Other conditions said that the adjustment of withholding tax with respect to dividends, profit on debt and Income from property shall be available to trader. In case the return for any tax year from 2016 to 2018 is not filed, the trader shall not be qualified under this schedule for any tax year from 2015 to 2018 and all provision s of ITO shall apply, he stated.

The trader qualified under this schedule shall not withhold tax from payments made by him for goods and services received. The trader qualified under this schedule and whose declared income for the year is less than Rs 1 million, is not required to file wealth statement and wealth reconciliation statement. The return may be subject to amendment under section 122 of ITO (amendment of assessment), where Commissioner has definite information. Persons convicted under Control of Narcotics Substances Act, 1997, Anti Terrorism Act, 1997 and Anti-Money Laundering Act, 2010 shall not be eligible to qualify under this Schedule.
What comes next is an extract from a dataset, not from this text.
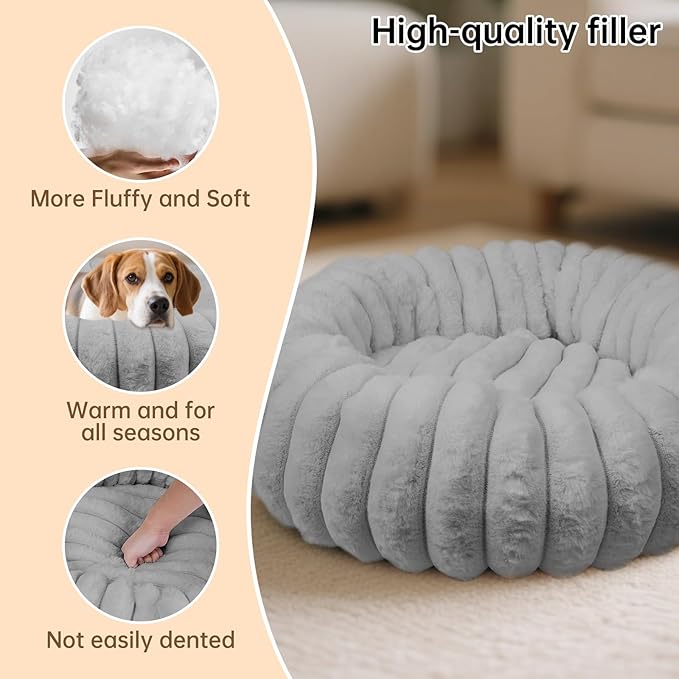 Vhen When Donut Dog and Cat Bed, Luxurious Comfortable Faux Rabbit Fur Pet Beds, Round Anti-Anxiety Calming Puppy Kitten Bed with Anti-Slip Bottom for Small Medium Dogs & Cats(28", Grey)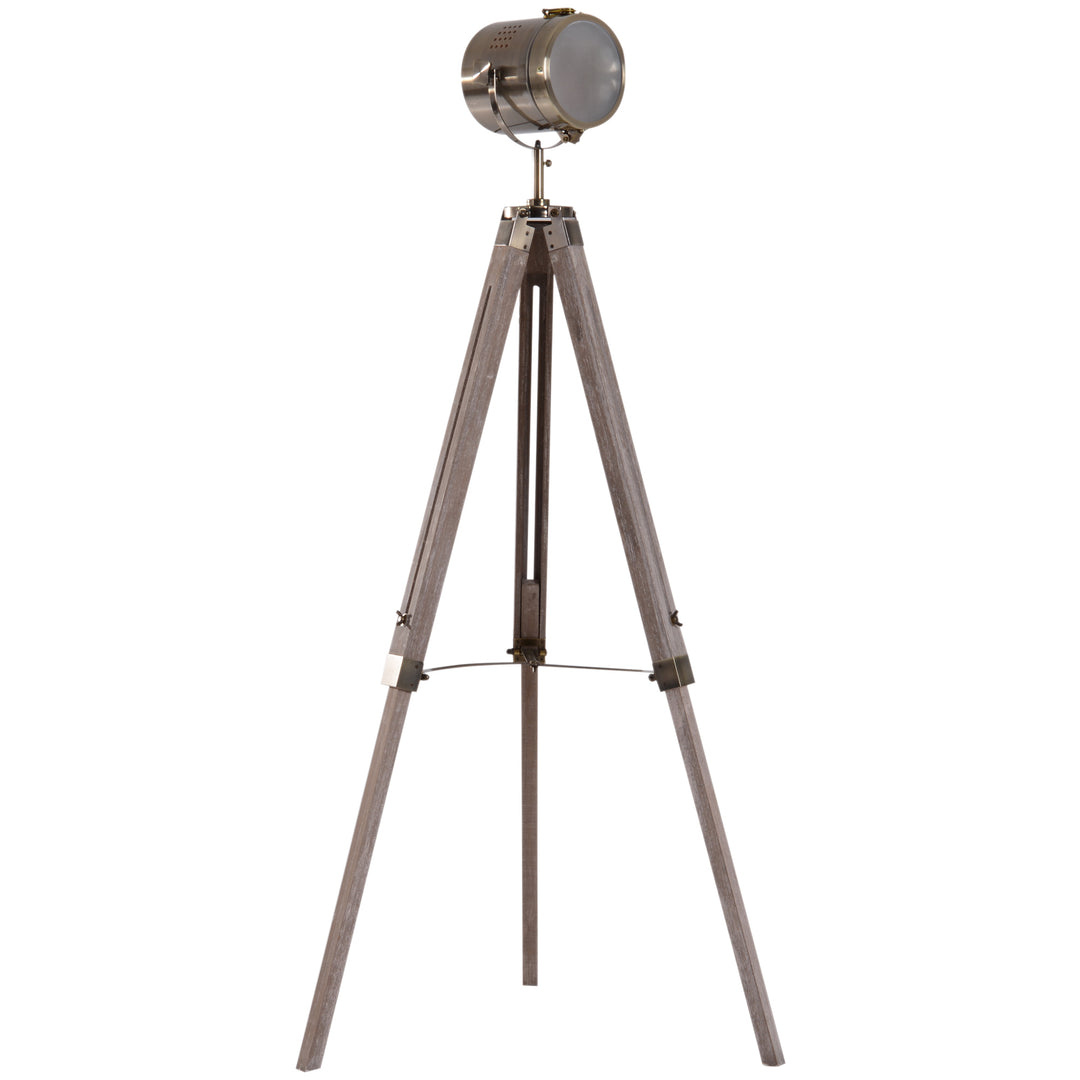 Vintage Tripod Floor Lamp Retro Industrial Photography Light Spotlight Antique Searchlight Wooden Base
He said that the VTCS may be exploited by individuals or AoPs by distributing their working capital among several associated persons to whiten their maximum wealth. For example an individual having working capital of Rs 500 million may file 10 different returns under names of related persons (sons, daughters, spouse, etc) and avail the scheme.

It has been provided that the return filed under the scheme may be amended by the commissioner subject to possession of definite information. The income disclosed by the Trader has also been made subject to amendment instead of limiting the powers to undisclosed wealth. This provision will render the VTCS of no benefit as the powers of Commissioner under this provision will be a hanging sword over Traders availing the VTCS, Ashfaq Tola stated.

The provisions relating to Imputable Income under Part I need further clarification as to the course of action in case the imputable income falls short as compared to working capital declared. As it is shown, imputable income is less than working capital declared. The deficiency as identified above will worsen the situation as the excess of working capital over imputable income will prima facie be assumed and added to undisclosed asset.

Top tax expert said that the time limit for compliance under the two schemes introduced earlier in 2013 and in 2008 was extended multiple times. The scheme introduced in March, 2013 was time bounded for three months, whereas, scheme introduced in July, 2008 was valid initially for 4 months (till October 31, 2008) and was further extended for 2 months (until December 31, 2008). As the time limit for compliance under the VTCS has been extended up to 31st January, 2016 (which will probably extend further keeping in view the history of granting extensions), there is a chance that taxpayers under normal tax structure will also delay the filing of their returns to further defer their tax payments. The compliance date of the scheme is, therefore, required to be made exclusive for the traders eligible under this scheme only, Ashfaq Tola added.